> _EXTRACTED RECORDS_
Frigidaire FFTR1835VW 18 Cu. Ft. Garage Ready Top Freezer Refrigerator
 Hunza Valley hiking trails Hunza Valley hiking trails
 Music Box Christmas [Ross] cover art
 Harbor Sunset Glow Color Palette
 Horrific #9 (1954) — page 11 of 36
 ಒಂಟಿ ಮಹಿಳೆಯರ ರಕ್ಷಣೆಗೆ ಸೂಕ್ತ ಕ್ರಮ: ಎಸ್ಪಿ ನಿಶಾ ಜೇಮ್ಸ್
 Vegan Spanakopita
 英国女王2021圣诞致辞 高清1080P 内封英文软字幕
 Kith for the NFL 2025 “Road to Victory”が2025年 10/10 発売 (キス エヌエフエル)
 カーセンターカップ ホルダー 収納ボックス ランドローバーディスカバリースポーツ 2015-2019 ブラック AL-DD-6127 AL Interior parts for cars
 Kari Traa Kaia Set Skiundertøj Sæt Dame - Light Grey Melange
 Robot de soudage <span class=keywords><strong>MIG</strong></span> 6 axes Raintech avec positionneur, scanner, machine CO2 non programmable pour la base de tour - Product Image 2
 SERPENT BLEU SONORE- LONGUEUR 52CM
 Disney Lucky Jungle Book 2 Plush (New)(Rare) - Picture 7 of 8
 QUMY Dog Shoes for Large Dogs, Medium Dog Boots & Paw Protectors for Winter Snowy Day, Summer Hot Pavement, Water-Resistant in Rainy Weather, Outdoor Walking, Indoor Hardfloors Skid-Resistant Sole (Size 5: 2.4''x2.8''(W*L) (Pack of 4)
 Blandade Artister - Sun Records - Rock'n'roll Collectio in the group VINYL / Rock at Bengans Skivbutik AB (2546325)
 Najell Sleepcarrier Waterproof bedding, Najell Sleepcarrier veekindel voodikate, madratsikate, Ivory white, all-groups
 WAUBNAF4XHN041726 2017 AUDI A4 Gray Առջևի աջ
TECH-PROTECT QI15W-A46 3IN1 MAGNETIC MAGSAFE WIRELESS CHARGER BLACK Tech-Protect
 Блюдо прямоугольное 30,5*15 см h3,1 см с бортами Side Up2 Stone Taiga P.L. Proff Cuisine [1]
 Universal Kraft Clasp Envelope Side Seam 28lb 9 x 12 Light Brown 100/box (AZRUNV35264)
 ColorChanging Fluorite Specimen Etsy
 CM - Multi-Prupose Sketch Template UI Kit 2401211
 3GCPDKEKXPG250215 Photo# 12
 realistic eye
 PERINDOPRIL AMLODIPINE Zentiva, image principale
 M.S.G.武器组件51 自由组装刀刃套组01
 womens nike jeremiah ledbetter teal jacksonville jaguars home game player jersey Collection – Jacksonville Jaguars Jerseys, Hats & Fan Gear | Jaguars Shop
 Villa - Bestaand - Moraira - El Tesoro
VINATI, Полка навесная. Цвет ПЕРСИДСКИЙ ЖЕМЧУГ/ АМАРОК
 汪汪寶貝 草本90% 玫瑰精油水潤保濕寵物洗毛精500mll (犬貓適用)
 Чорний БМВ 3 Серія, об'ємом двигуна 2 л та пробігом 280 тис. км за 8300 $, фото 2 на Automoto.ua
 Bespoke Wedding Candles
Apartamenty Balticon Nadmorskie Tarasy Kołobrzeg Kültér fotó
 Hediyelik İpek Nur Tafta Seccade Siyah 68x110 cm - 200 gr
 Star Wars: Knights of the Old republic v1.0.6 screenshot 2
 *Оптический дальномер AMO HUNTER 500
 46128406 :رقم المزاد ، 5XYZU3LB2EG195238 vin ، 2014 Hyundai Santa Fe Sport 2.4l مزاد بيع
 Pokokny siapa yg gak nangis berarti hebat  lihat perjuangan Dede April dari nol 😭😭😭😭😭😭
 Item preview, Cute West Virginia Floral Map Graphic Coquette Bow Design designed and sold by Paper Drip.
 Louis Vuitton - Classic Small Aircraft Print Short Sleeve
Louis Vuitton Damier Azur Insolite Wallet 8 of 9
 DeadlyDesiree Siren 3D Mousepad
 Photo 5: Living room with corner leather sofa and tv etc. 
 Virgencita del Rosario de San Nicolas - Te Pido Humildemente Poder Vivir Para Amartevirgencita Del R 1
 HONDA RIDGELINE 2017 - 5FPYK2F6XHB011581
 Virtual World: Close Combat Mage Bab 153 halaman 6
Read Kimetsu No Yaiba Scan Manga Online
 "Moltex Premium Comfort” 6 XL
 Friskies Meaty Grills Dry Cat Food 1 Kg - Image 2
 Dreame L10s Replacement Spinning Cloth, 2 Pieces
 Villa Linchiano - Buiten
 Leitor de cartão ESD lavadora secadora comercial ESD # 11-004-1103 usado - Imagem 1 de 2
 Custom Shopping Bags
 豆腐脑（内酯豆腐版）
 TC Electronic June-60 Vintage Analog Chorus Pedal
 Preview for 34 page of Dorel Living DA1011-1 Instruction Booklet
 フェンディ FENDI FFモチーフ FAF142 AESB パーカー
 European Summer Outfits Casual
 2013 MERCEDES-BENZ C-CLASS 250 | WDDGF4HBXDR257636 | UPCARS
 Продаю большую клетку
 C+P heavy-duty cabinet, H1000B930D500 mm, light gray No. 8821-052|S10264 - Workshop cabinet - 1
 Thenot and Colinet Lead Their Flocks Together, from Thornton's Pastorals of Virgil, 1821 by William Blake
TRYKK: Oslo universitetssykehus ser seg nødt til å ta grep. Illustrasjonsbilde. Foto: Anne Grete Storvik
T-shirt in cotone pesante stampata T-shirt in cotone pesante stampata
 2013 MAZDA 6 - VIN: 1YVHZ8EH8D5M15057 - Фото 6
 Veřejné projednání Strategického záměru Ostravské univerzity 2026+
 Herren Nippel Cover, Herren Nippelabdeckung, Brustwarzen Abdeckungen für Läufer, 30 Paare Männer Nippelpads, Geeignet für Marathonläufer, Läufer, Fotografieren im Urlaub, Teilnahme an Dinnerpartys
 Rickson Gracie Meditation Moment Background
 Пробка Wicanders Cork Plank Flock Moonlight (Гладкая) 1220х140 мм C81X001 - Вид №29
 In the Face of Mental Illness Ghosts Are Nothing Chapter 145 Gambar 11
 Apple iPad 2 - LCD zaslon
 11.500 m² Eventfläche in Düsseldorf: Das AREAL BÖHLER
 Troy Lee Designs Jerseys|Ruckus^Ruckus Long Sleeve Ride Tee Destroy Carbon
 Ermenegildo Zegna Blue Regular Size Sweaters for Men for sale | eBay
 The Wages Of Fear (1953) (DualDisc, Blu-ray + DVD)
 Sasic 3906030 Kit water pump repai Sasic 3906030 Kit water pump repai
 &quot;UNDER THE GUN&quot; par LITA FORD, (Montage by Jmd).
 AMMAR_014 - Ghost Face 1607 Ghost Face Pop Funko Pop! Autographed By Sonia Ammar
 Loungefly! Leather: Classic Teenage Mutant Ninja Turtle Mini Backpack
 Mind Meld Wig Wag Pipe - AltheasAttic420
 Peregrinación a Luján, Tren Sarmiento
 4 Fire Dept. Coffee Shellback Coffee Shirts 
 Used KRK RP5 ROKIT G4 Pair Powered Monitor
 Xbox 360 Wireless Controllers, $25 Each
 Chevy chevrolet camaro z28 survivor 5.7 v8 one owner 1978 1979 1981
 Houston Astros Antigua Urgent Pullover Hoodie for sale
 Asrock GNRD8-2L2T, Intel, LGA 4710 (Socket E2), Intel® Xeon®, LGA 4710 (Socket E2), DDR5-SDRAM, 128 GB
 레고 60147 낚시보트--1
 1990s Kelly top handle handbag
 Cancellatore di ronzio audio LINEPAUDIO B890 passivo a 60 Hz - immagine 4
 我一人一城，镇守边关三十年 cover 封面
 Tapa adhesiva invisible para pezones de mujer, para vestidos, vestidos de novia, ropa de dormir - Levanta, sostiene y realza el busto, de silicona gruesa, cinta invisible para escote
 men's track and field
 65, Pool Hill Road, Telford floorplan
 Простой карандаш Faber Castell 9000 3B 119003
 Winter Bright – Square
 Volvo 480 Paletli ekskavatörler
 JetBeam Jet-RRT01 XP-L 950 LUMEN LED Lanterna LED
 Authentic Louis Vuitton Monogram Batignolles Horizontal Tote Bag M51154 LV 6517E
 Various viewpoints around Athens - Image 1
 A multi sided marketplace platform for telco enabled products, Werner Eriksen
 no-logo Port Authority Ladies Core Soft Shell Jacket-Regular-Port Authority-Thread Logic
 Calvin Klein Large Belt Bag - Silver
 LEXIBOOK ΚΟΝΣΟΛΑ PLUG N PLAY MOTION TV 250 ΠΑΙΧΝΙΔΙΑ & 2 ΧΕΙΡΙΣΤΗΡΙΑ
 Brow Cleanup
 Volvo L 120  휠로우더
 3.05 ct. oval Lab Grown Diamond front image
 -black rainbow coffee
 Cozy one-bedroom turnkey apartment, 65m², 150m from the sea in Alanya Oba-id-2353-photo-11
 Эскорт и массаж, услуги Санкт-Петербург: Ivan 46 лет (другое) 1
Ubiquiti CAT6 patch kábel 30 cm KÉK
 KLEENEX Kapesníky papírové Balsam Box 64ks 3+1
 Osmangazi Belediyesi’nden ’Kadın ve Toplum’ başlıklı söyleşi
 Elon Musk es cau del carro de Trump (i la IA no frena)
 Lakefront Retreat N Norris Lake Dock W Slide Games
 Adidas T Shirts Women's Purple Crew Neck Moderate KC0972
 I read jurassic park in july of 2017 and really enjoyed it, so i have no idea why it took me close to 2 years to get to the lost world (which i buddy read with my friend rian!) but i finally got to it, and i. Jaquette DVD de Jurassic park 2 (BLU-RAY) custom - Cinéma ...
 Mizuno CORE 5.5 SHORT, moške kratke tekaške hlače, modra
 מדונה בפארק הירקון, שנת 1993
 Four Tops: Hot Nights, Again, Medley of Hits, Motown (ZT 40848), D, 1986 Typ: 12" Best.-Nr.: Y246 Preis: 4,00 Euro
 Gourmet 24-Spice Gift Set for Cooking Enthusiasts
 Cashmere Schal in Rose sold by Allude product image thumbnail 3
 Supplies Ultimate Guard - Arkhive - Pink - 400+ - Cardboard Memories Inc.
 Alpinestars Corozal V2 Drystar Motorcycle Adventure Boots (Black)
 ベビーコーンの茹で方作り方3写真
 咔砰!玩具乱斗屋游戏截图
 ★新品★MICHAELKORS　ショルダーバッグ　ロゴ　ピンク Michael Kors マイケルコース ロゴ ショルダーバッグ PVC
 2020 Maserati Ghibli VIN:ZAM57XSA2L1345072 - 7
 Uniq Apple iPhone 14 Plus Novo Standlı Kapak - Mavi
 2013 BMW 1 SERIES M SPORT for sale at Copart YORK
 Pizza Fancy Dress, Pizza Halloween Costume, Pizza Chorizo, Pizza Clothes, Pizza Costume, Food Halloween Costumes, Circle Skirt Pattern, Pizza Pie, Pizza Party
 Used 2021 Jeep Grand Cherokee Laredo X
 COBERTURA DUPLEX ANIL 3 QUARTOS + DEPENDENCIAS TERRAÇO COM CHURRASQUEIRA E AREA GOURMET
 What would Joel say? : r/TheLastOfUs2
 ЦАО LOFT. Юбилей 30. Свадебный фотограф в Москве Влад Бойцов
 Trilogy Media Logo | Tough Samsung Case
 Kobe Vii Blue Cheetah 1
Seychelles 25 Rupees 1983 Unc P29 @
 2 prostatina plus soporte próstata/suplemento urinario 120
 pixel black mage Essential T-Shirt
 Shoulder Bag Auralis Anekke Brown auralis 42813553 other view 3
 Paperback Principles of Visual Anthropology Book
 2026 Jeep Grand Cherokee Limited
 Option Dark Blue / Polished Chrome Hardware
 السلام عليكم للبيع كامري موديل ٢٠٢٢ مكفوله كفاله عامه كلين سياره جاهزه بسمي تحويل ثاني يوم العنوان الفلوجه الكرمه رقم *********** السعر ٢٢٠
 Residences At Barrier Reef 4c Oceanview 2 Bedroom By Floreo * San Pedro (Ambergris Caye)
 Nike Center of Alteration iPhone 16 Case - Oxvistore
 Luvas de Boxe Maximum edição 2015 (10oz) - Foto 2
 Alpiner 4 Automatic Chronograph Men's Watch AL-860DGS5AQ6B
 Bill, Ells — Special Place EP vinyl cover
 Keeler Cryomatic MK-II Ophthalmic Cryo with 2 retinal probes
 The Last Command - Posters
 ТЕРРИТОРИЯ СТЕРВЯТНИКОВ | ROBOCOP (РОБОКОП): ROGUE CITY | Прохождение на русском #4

> _TASK TO CARRY OUT_
The reply should hold only the lines of the listing above starting at the line containing "(Montage by Jmd)." and ending at the line containing "Used KRK RP5 ROKIT G4 Pair Powered Monitor", exactly as written.

> _RESPONSE TO THIS EXERCISE_
 &quot;UNDER THE GUN&quot; par LITA FORD, (Montage by Jmd).
 AMMAR_014 - Ghost Face 1607 Ghost Face Pop Funko Pop! Autographed By Sonia Ammar
 Loungefly! Leather: Classic Teenage Mutant Ninja Turtle Mini Backpack
 Mind Meld Wig Wag Pipe - AltheasAttic420
 Peregrinación a Luján, Tren Sarmiento
 4 Fire Dept. Coffee Shellback Coffee Shirts 
 Used KRK RP5 ROKIT G4 Pair Powered Monitor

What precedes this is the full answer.